Work item
Below this line is the material. Write out only its lines from the one containing "ইভটিজিংয়ে বাধা, দুই" through the one containing "91家纺网 家纺一手货源 找家纺", both kept, exactly.

Data listing
..........

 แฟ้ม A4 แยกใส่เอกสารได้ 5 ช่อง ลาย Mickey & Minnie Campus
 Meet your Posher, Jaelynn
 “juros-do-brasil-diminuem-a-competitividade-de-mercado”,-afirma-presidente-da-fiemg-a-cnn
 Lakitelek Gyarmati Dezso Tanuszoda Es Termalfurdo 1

..........

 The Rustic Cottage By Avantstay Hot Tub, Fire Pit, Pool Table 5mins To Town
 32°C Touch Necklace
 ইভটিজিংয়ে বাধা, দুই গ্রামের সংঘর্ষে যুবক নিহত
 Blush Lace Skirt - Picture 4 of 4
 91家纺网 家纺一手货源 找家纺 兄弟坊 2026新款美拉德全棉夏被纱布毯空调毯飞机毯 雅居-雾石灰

..........

Response
 ইভটিজিংয়ে বাধা, দুই গ্রামের সংঘর্ষে যুবক নিহত
 Blush Lace Skirt - Picture 4 of 4
 91家纺网 家纺一手货源 找家纺 兄弟坊 2026新款美拉德全棉夏被纱布毯空调毯飞机毯 雅居-雾石灰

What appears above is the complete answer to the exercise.